Picchia la moglie con una cinghia
Trentasettenne condannato a due anni di reclusione
TRENTO Ancora una storia di violenza contro una donna, come le tante, troppe, che affollano quotidianamente le cronache. Una storia di dolore e sopraffazione, di maltrattamenti fisici e psicologici, che ha portato alla condanna di un trentasettenne albanese a due anni e un mese di reclusione.
Nemmeno la presenza del figlio di tenerissima età ha mai fermato l’uomo, che per anni ha costretto la moglie a un vissuto di timore costante, fatto di umiliazioni e minacce, fino a portare la donna a temere per la propria vita e per quella del bambino e a decidere di andare via da casa.
L’escalation di scenate di gelosia, ingiurie, percosse, minacce di morte, raggiunge il culmine nel momento in cui l’uomo arriva ad afferrare la moglie alla gola e a colpirla più volte alla schiena con una cinghia, causandole degli ematomi e dicendole che «la prossima volta» l’avrebbe «coperta di sangue».

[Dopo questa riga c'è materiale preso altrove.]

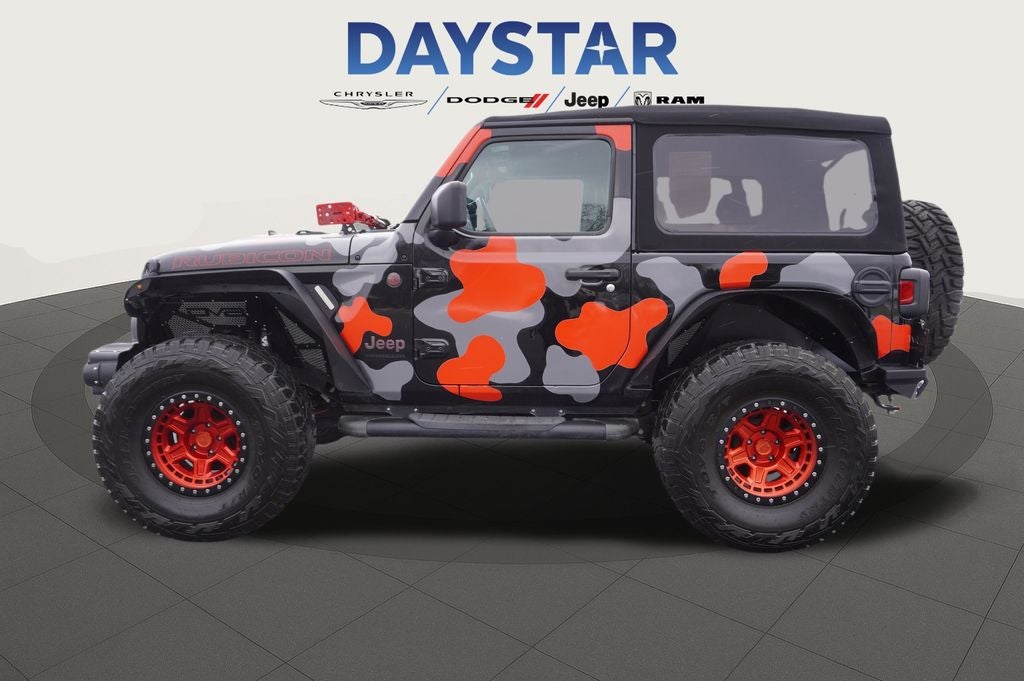 2021 Jeep Wrangler Rubicon 4x4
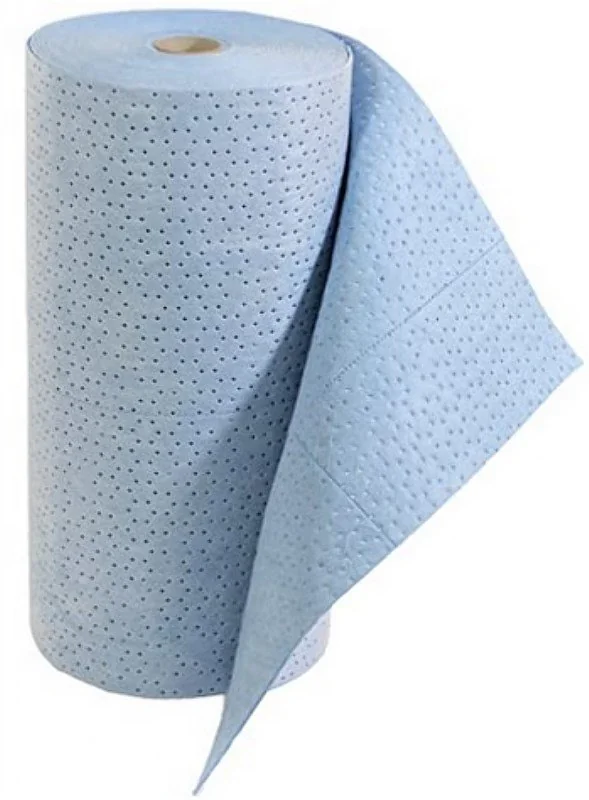Sorbent dwuwarstwowy rolka tylko do oleju 40 cm x 60 m. 2 szt.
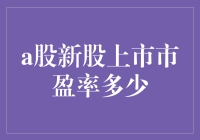 A股新股上市市盈率分析：探寻市场价值与投资者期待的平衡点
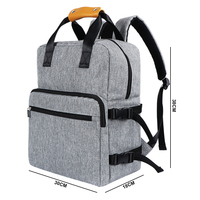 Sac de voyage pour chien Week-end Ensemble de sacs de voyage pour animaux de compagnie pour chien et chat Fourre-tout approuvé par la compagnie aérienne Sacs multifonctions pour chien pour voyager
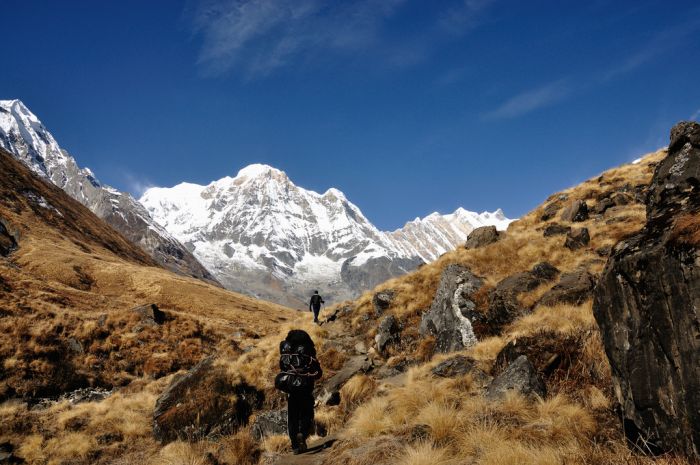 The Annapurna Sanctuary Trek, Nepal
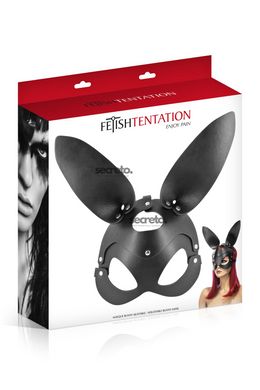 Маска зайки Fetish Tentation Adjustable Bunny Mask SO4663 фото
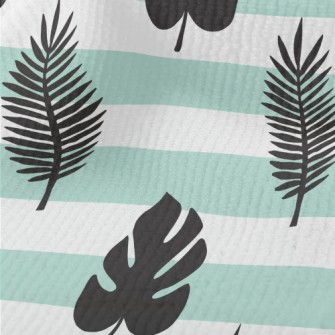 Large Striped Leaves Terry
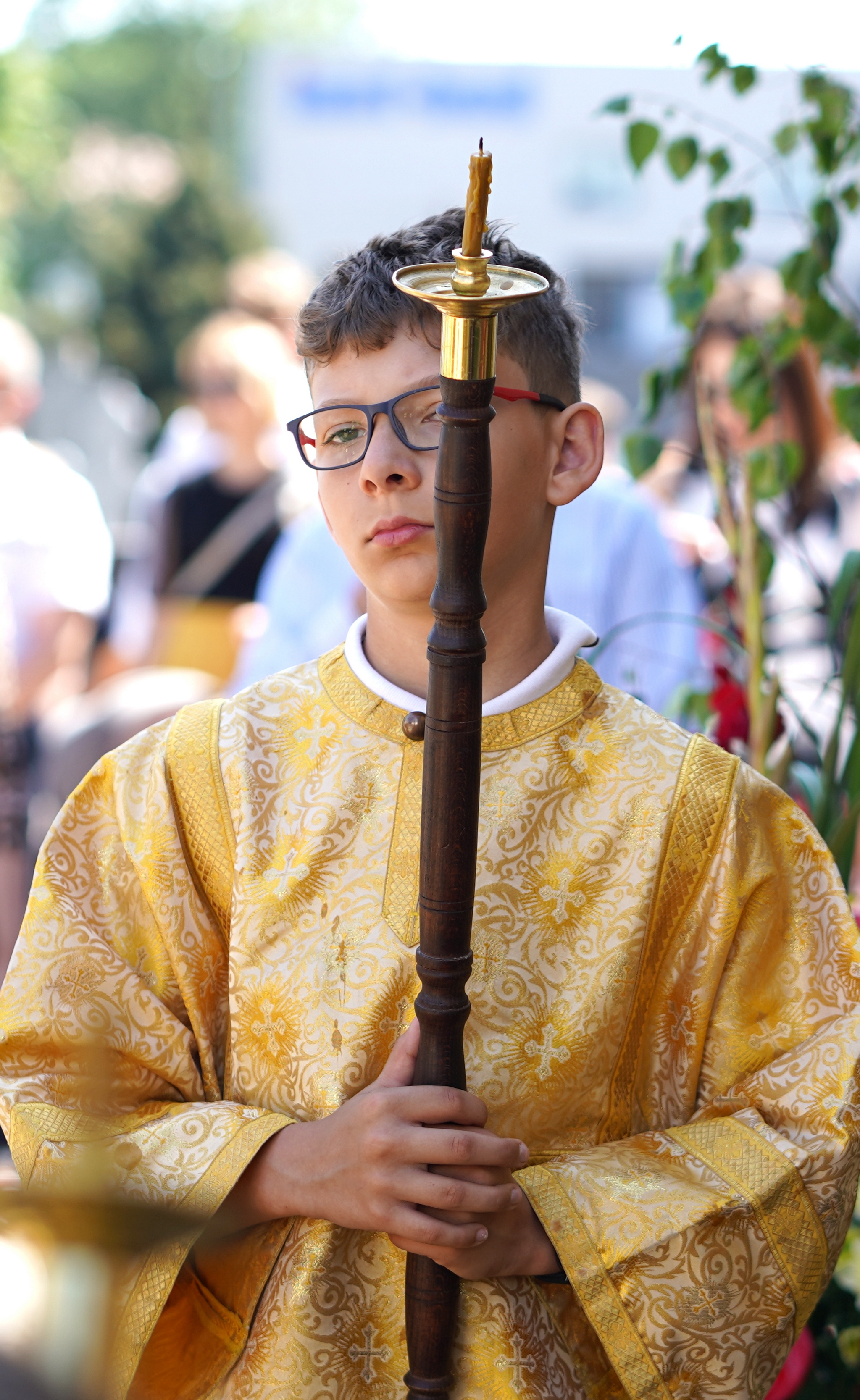 The All Saints feast in All Saints parish in Białystok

Non è difficile immaginare lo stato di prostrazione e disperazione della donna. Poco tempo dopo il marito, nel corso di una discussione, era arrivato a colpirla con un pugno alla testa e a distruggerle il telefono cellulare. La donna inizia seriamente a temere per la propria incolumità e per quella del figlio e decide di allontanarsi da casa. Nei confronti dell’uomo era già stata emessa un’ordinanza di divieto di avvicinamento alla moglie, con l’interruzione di ogni forma di comunicazione. È stato condannato anche al risarcimento dei danni.